Após o advento da lei 11.689/2008, essa necessidade
da falta de interesse carreirista ganhou contornos ainda mais fortes com a
regra da rotatividade para jurados. Aquele que participa de um julgamento como
jurado fica por cerca de dois anos impedido de participar de outro na mesma
condição (art. 426, §4º do CPP). O desrespeito a isso, aliás, deve gerar
nulidade absoluta.
O projeto de reforma do Código de Processo Penal
engendrado em 2008, vigente por foça da lei que citamos acima, é de autoria da
professora Ada Pellegrini Grinover, que propôs uma alteração de modelo e não de
procedimentos apenas. Quer-se, portanto, um modelo iluminista e cada vez mais
democrático, mas a ideia vem padecendo com as interpretações apegadas ao
sistema anterior, de influência fascista.
Dessa forma, com o modelo de viés garantista, no
Tribunal do Júri o sigilo não é apenas do voto, mas de todo o processo de
votação. Contudo, os jurados não podem depois do julgamento, sair falando dos
fundamentos de seus votos, o que, em acontecendo, pode gerar nulidade e
precedente perigoso se não for coibido, pois abala a credibilidade da
instituição do júri, possibilitando a interferência externa.
Decidido o mérito, a acusação não pode recorrer com
base em decisão manifestamente contrária às provas dos autos, já que, para
absolver, os jurados não precisam, e nem podem, fundamentar.
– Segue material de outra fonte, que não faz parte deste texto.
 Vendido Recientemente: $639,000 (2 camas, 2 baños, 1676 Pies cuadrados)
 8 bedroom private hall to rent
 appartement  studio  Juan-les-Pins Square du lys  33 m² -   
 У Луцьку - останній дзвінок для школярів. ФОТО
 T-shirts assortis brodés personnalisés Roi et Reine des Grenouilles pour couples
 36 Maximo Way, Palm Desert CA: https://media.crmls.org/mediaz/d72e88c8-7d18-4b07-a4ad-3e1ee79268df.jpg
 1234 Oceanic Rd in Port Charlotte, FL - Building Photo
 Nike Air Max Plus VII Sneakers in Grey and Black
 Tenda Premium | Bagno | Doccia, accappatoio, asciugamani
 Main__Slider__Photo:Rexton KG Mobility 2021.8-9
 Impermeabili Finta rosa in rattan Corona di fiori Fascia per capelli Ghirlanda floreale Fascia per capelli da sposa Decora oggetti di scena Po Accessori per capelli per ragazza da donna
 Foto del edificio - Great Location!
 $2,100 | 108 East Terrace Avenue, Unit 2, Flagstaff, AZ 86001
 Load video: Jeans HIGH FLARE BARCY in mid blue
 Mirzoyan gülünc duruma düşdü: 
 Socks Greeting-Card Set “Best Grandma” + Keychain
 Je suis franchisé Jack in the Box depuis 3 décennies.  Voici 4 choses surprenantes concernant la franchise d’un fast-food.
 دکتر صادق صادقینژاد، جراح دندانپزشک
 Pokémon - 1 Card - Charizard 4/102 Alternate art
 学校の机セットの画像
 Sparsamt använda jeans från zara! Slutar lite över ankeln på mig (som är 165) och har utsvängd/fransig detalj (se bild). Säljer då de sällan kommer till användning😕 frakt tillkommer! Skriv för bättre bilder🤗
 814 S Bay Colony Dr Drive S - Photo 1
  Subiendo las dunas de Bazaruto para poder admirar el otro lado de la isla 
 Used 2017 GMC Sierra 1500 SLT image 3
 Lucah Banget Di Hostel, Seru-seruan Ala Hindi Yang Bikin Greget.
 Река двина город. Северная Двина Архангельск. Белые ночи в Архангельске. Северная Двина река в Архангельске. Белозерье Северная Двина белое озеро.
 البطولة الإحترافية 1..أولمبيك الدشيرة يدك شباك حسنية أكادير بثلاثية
Essa exigência se
dá apenas para julgamentos técnicos, que obrigam fundamentação de cunho
técnico-jurídico. O jurado pode absolver mesmo que a defesa não sustente a
absolvição.
Assim, a constitucional soberania da decisão do júri, jamais alterada por instâncias superiores, sem a necessidade de fundamentação do conselho de sentença, obsta recurso acusatório que questione o mérito. O Tribunal do Júri é composto por leigos justamente para julgar com base no grau de reprovabilidade social do fato e não no status técnico-jurídico do arcabouço probatório, pois este muitas vezes engessa o julgador.
Cabe-nos esclarecer, por oportuno, que a Corte
Suprema brasileira tem admitido recursos da acusação com esse fundamento,
sustentado compatibilidade da previsão do art. 593, inciso III, alínea “d”, do
Código de Processo Penal com a Constituição da República no art. 5º, inciso
XXXVIII.
Mas com o advento e a vigência dos novos paradigmas garantistas, assim defendido por Adel El Tasse e outros renomados autores, ao Ministério Público, resta recorrer exclusivamente para: arguir nulidade; quando for a sentença do juiz-presidente contrária à lei expressa ou à decisão dos jurados; ou quando houver erro ou injustiça no tocante à aplicação da pena ou da medida de segurança (art. 593, inciso III, do CPP).
Por fim, familiarizar a sociedade da importância e
das nuances do Tribunal do Júri, além de provocar o legislador para discutir
sua eventual ampliação, como o mais representativo instrumento democrático de
resolução de conflitos que temos, é a nossa principal intenção nessa apertada
síntese.
A cada julgamento exposto com pompa pela mídia
percebe-se o interesse, a curiosidade, a euforia com os procedimentos, reações
antes somente provocadas em eventos esportivos. O Tribunal do Júri
popularizou-se e, como todo conflito que envolva o Direito Penal atualmente,
virou produto, muitas vezes mais atrativo e acessado pelas redes virtuais do
que a maior festa popular brasileira: o carnaval.